As streaming services get more and more popular (and competitive), Amazon has launched a new TV Streaming service. Through its movie and TV website IMDb, Amazon is launching a streaming channel called IMDb Freedive. The channel will be available to U.S viewers through the IMDb website. Amazon Fire Device owners will also have access, and the best part is: it’s completely free.
Streaming services are extremely popular these days with services like Netflix as the leader. Brand new TV Series and films are released on platforms such as Netflix, Hulu, and Amazon Prime Video. The main thing that attracts people to these platforms is the low subscription fee. For a small fee a month, you can access everything the platform has to offer at any given time making it extremely convenient to watch anything you want.
Although these three platforms may be ahead of the curve, with Netflix being the leader, more streaming services have popped up and are growing at a fast rate. The reason for the growth of other services is that they’re free of cost. How can streaming services be free of cost? They run on ads. That’s the trade-off. If you don’t like ads in the middle of your content, and you have a bit of dollar to spare, you’re likely better off with a service like Netflix.
However, if you don’t mind ads, then you’re likely going to choose the service that’s free of cost. That’s exactly what IMDb Freedive is. It’s looking to disrupt the streaming market, acting as direct competition to all the other streaming services. The service has a lot of promise especially since it’ll have the backing of its parent, Amazon. All you need to access Freedive is to create a free IMDb account.
The plan for the service is to become a platform for movie and TV series streaming like its other competitors. TV shows like Fringe Heroes, Without a Trace, and The Bachelor are few of the many you can find on the platform. You can choose from multiple categories, like any other platform. Movies such as The Illusionist, The Last Samurai, and Memento are also available to watch. IMDb’s original series are also available on the platform, some of which are pretty good.
Freedive isn’t the only ad-based streaming service out there either. There are many other services such as the one launched by Youtube. The “Free to Watch” section on the website allows users to watch certain ad-supported Hollywood films. Some of the content Youtube reserved for its premium subscription was also brought onto the Free to Watch section.
It’s no surprise that all these different big companies are tapping into the market of online streaming, it’s red hot right now. Although some streaming platforms such as Netflix are huge now and it’s unlikely they’ll go out of business anytime soon, competition is good. For us, the users of these services, fierce competition within the market is a win-win. Not only do we get more options, but in order to retain their customers, each platform will try to improve, thus the end-user gets high-quality content at the end of the day, a win-win.

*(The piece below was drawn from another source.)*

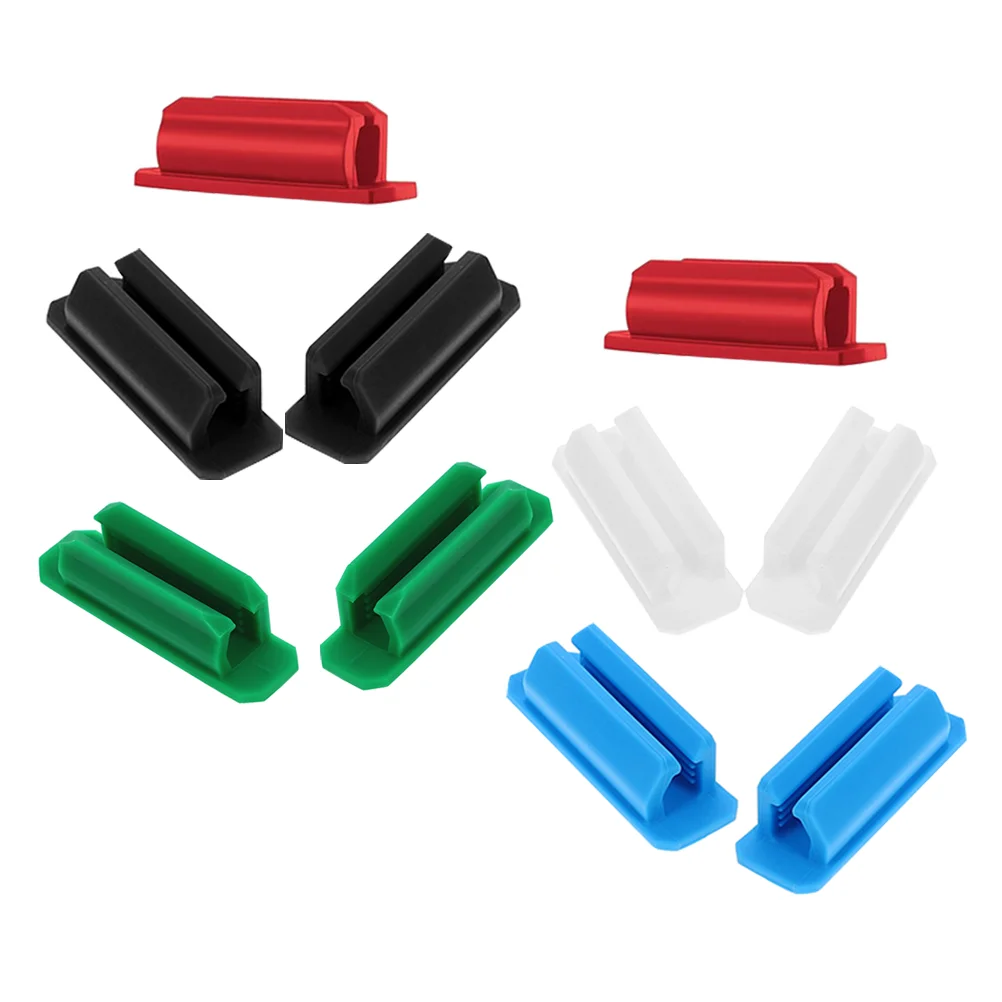 

10 Pcs Silicone Pen Holder Ballpoint Clips Holders Pencil Desk Silica Gel Office Writing Pens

IMDb’s Freedive has potential, especially since it’s different from Amazon Prime Video. The problem with Amazon’s paid streaming service is that it’s not widely accessible. You need to own an Amazon device in order to use the service. Other devices such as Apple TV or Google Chromecast do not have Prime Video support.
Freedive will not have the same approach as Prime Video and will be widely accessible to all. This is the right step to take especially if Amazon wants to compete with other ad-supported services such as Youtube. Since the service is new, you’ll only be able to access it through the IMDb mobile app. However, as time passes it should be available on multiple platforms.
You can also bet that as time passes by, more and more of your favorite TV shows and movies will get added to the service. The service just launched, so it’s best not to be too critical about it right now. It may very well be an Amazon Fire exclusive too for its early days. Whatever the case is, Freedive has the potential to be a big deal if Amazon does it right.